____ Excerpted records

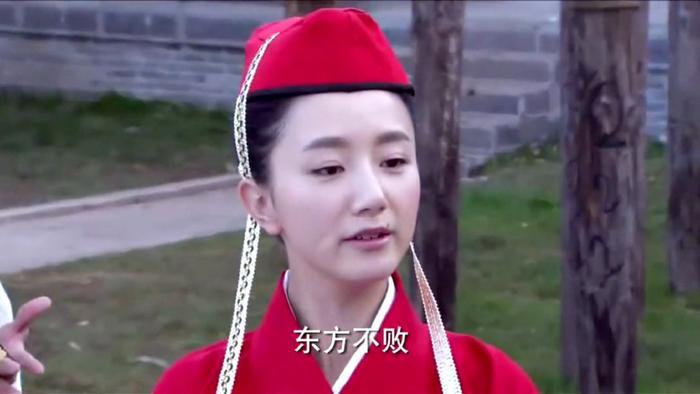 《武林外传》中佟石头跟《龙门镖局》中的盛秋月是什么关系？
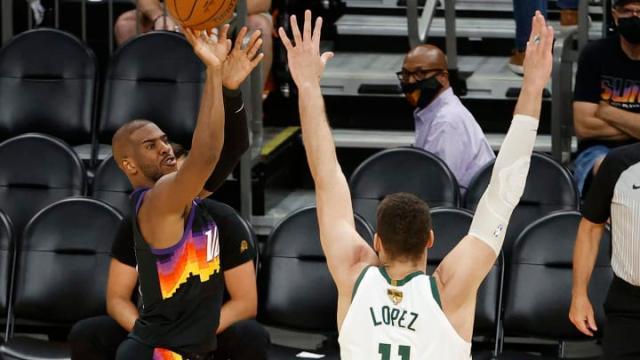 1625631811984083303.jpg 2021-NBA-Finals---Game-One-7cd2f8aeda461bc1364aa248f172cd4f.jpg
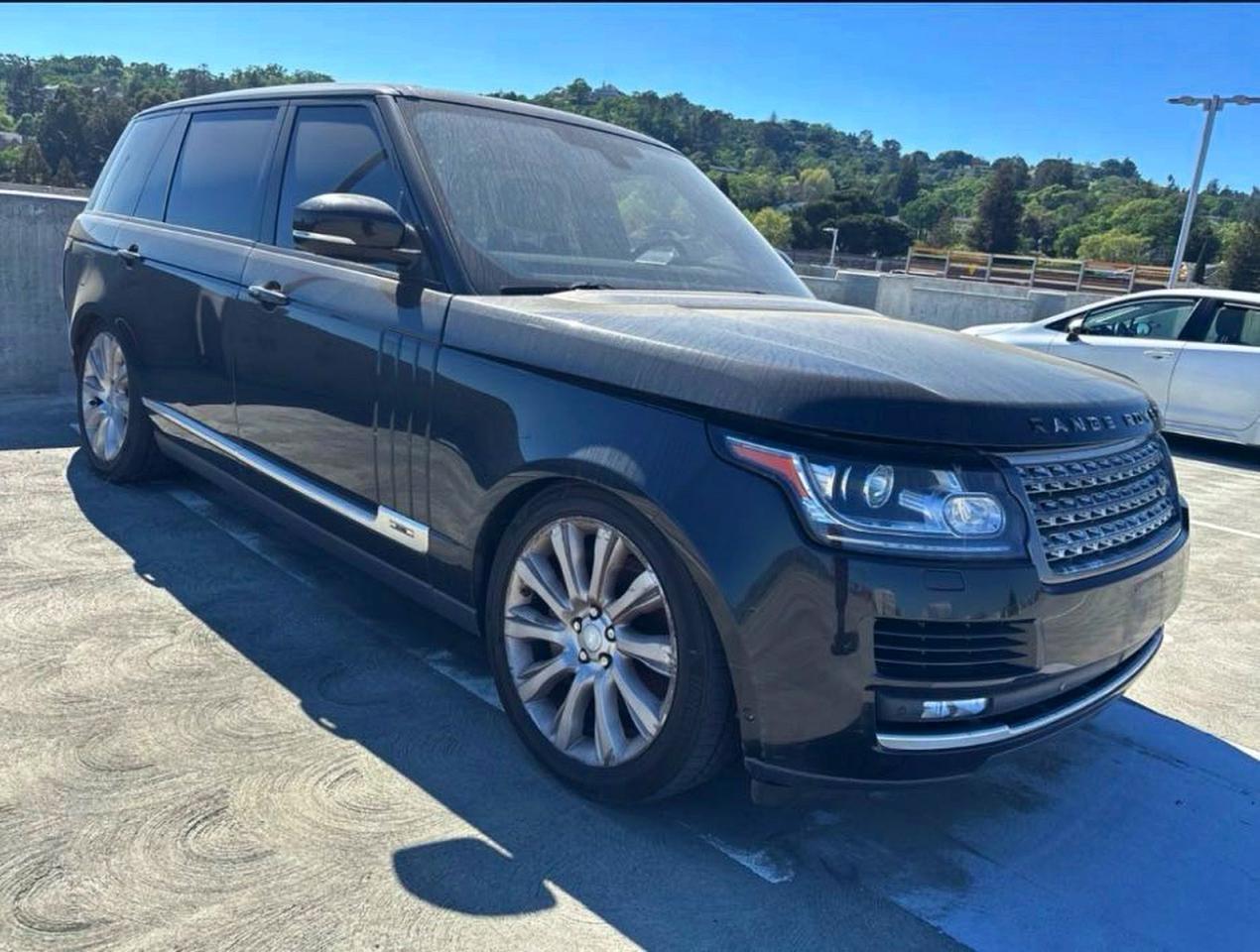 Salvage Land Rover Range Rover Image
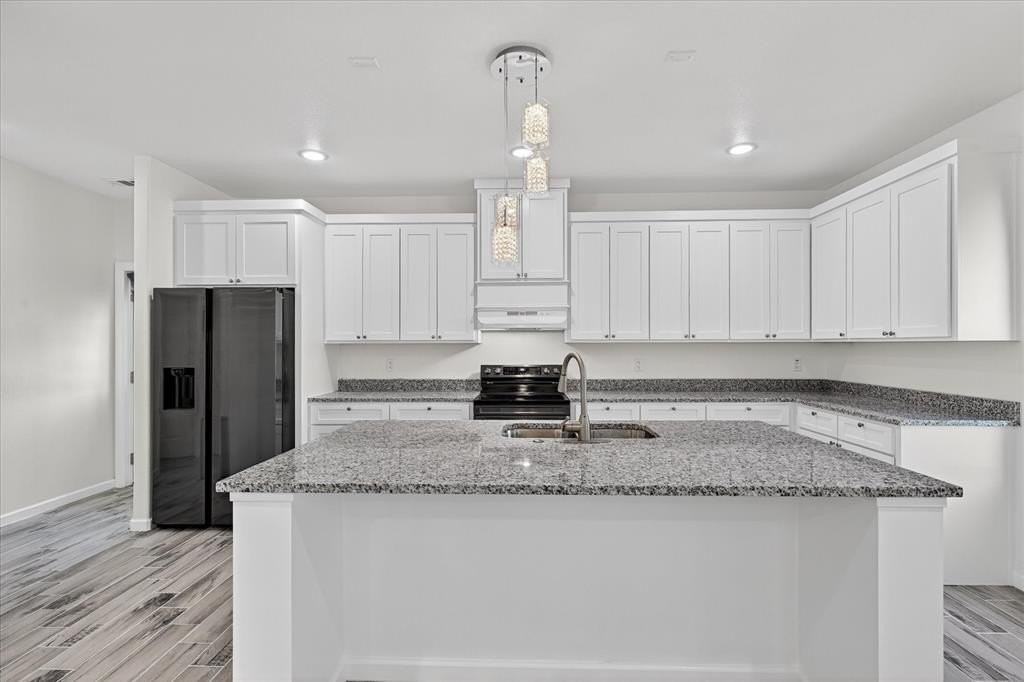 2902 Walnut St - Photo 5 of 26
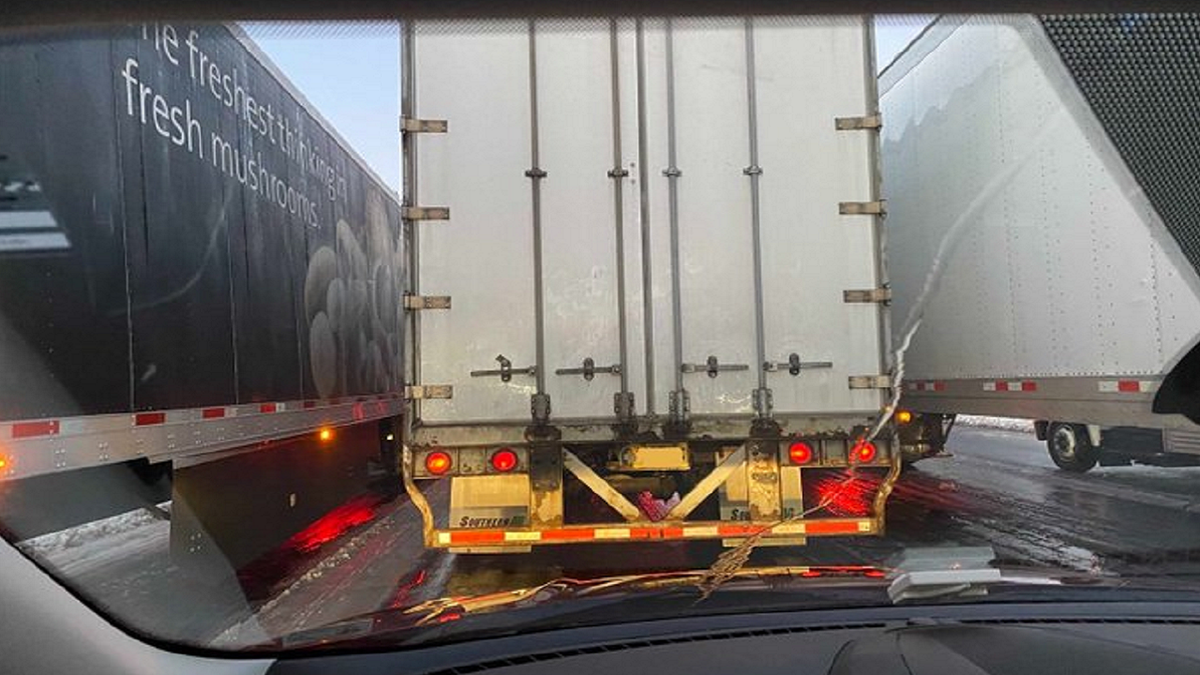 Tim Kaine's current view from behind the wheel along Interstate-95. (Tim Kaine/Twitter)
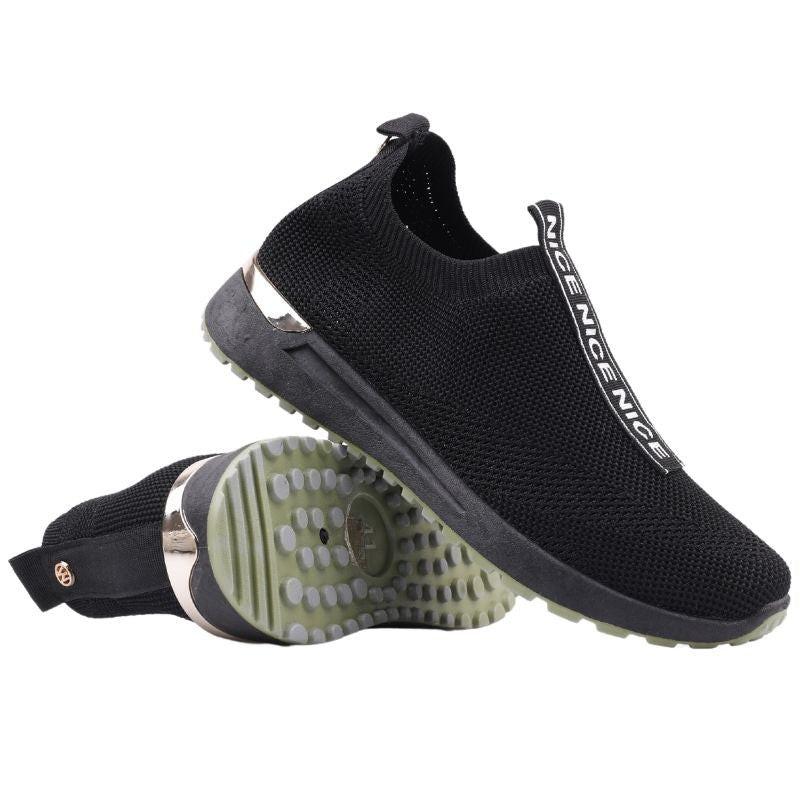 Czarne buty sportowe damskie z zielonym akcentem, widok z boku.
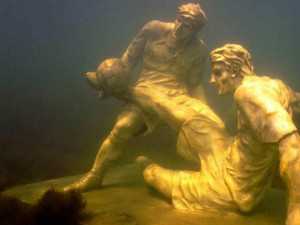 Памятник Кокорину и Мамаеву установили на дне моря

________

Print exactly the span of lines that begins with the line containing "Czarne buty sportowe" and ends with the last line of the listing, with no pictures.

Reply ->
 Czarne buty sportowe damskie z zielonym akcentem, widok z boku.
 Памятник Кокорину и Мамаеву установили на дне моря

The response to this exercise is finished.